This information also feeds SAS's Marketing Automation Solution for data mining, predictive modeling, performance measurement and campaign management, including audience selection criteria for various campaigns and back-end analysis.
At this point, says Metz, the CRM data mart could provide basic transaction data on current clients—what products clients owned, account numbers and a little bit of demographic data. This information was supplemented with off-the-shelf demographic data, as well as with information from other systems within the company, such as assets under management. What was missing, however, was the investor attitudinal component—the firm didn't understand its investor profiles and preferences.
So Metz and Dougan commissioned a piece of proprietary research, and from that they identified six distinct types of investors, explains Metz. Using this information, Dougan built a predictive model to help financial advisors easily determine a client's style of investing.
Financial services companies traditionally segment their clients on very basic, commonly acquired dimensions such as assets and age, according to Metz. An example might be selecting high net worth investors and then further segmenting by age—for example, high net worth investors who are married and over the age of 50. Based on these dimensions all investors within this segment look the same, explains Metz. However, she points out that "not everyone who's 55 and has a million dollars in assets under management has the same types of investing preferences and styles."
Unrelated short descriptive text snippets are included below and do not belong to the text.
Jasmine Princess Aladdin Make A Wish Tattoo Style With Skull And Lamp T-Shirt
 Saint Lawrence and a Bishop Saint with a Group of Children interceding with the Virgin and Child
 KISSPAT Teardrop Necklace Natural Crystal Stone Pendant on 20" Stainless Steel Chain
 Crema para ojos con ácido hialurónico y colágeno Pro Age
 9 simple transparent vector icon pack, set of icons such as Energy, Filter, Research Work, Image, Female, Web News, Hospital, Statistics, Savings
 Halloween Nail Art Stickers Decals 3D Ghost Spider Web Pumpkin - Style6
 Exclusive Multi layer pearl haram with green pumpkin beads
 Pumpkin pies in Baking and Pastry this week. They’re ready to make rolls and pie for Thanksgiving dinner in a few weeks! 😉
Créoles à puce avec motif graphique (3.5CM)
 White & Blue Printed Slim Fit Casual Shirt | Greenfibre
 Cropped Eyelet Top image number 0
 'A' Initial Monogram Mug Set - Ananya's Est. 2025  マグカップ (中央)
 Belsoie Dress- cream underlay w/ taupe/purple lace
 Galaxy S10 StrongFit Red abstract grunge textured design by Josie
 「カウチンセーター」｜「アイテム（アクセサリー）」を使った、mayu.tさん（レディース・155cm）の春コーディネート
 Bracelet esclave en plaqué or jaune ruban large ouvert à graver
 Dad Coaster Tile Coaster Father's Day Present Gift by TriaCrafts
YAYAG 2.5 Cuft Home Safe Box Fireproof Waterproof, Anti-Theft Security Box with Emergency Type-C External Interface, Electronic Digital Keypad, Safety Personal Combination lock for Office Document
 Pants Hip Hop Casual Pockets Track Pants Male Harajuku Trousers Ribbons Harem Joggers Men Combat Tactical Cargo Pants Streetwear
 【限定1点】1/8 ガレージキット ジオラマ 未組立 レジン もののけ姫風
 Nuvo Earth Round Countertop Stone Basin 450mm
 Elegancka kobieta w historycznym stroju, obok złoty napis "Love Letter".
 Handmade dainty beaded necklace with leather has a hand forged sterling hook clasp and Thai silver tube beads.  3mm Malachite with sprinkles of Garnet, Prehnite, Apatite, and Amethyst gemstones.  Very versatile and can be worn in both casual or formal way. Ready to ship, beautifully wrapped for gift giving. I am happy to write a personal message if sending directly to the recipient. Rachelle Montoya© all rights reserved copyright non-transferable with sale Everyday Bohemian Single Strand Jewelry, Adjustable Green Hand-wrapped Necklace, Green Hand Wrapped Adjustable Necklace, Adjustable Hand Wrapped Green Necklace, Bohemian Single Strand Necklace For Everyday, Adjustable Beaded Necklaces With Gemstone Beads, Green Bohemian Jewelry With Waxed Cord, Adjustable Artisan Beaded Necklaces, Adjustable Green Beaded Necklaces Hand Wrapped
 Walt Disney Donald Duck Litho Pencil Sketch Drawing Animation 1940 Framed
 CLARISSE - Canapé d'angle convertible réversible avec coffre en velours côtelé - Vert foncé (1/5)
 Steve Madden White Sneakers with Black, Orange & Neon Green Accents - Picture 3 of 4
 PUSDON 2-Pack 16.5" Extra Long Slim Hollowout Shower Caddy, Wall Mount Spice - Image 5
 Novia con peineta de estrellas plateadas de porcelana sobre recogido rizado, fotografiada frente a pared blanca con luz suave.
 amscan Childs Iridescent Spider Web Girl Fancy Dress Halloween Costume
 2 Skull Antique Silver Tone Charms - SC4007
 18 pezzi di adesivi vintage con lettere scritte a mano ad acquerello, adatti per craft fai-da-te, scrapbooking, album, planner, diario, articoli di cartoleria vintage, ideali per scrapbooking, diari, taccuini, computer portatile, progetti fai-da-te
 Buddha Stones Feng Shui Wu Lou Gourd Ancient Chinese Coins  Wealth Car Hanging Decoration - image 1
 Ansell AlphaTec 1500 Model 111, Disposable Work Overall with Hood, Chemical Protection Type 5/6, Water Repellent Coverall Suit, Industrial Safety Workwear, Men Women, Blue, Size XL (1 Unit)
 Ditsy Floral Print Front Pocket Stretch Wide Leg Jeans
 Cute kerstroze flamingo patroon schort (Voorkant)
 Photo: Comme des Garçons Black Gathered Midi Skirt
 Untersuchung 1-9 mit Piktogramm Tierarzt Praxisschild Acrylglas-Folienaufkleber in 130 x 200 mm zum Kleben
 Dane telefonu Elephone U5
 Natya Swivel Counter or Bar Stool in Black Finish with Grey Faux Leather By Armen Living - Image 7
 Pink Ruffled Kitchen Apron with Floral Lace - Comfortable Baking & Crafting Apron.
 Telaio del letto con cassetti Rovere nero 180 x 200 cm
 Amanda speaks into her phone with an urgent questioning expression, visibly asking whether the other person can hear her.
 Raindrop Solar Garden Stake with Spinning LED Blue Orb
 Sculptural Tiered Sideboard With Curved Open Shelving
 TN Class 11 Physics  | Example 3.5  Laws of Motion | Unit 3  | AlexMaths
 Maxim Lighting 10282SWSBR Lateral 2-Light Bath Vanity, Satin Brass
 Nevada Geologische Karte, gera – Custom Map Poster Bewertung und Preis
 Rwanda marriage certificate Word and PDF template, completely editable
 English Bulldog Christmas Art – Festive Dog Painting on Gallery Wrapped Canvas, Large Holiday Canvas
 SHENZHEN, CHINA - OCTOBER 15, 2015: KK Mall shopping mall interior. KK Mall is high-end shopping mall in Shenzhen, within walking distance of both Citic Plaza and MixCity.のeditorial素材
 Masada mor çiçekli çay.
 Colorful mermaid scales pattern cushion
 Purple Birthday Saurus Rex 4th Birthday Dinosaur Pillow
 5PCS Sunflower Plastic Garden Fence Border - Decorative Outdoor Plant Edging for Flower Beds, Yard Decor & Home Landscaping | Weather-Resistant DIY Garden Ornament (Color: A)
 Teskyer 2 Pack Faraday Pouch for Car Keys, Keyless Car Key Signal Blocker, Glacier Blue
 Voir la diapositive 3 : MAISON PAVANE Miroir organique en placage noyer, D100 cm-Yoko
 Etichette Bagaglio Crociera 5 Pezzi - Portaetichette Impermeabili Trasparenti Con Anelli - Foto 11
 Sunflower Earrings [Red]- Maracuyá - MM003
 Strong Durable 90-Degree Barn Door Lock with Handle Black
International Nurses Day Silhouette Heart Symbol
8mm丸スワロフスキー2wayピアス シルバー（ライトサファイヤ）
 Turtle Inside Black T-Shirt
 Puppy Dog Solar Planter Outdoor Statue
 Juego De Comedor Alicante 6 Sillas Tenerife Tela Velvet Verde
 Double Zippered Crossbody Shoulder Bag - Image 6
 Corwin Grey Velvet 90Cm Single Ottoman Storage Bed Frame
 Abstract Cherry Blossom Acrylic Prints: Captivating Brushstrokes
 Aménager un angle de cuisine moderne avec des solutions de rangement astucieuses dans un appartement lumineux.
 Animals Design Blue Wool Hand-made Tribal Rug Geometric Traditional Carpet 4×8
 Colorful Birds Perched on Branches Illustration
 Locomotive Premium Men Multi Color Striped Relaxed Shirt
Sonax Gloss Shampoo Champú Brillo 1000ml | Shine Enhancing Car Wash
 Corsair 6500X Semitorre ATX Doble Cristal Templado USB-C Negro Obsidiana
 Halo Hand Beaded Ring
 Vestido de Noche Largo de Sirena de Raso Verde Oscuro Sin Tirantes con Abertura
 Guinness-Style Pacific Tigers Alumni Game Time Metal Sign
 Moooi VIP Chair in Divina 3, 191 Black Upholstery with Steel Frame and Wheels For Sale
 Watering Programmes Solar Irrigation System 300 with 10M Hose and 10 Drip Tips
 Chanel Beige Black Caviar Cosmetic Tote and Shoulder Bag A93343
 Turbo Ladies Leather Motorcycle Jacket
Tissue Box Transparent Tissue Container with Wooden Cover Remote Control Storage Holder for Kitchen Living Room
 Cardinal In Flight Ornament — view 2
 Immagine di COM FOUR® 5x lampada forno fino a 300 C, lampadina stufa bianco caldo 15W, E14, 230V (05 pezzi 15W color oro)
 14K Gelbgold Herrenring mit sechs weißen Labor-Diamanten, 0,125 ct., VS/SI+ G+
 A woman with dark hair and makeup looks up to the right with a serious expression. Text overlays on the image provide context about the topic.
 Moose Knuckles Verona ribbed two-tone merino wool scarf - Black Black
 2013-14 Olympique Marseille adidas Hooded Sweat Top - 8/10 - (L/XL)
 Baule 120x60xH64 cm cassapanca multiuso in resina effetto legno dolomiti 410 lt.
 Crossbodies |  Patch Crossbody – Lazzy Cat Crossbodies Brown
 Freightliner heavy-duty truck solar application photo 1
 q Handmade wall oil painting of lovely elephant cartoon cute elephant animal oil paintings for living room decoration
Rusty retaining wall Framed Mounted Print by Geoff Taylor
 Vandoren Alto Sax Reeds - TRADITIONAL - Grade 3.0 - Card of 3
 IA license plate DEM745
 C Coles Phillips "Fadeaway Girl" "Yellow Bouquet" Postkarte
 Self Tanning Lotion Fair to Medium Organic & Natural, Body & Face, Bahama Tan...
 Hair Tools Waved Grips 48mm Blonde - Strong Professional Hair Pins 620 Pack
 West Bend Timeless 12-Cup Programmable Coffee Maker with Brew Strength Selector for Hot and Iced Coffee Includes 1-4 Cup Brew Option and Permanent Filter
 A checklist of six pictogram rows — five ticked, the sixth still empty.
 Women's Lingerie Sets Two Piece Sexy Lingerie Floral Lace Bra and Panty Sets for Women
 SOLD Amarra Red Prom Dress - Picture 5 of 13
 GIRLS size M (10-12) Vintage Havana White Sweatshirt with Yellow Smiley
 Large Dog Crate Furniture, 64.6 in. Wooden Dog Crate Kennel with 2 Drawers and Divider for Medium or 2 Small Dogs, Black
By overlaying investor-style data, Metz and Dougan identified and prioritized six different types of Morgan Stanley investors. This knowledge has allowed the firm to focus its communications and service delivery to certain types of investors.
The firm's 2002 IRA Rollover campaign is one example. Rather than mail its entire base, as it had in the past, a predictive model was used to select the appropriate audience of investors from its CRM data mart. This list of households was then sent to the financial advisors for follow-up by mail or phone.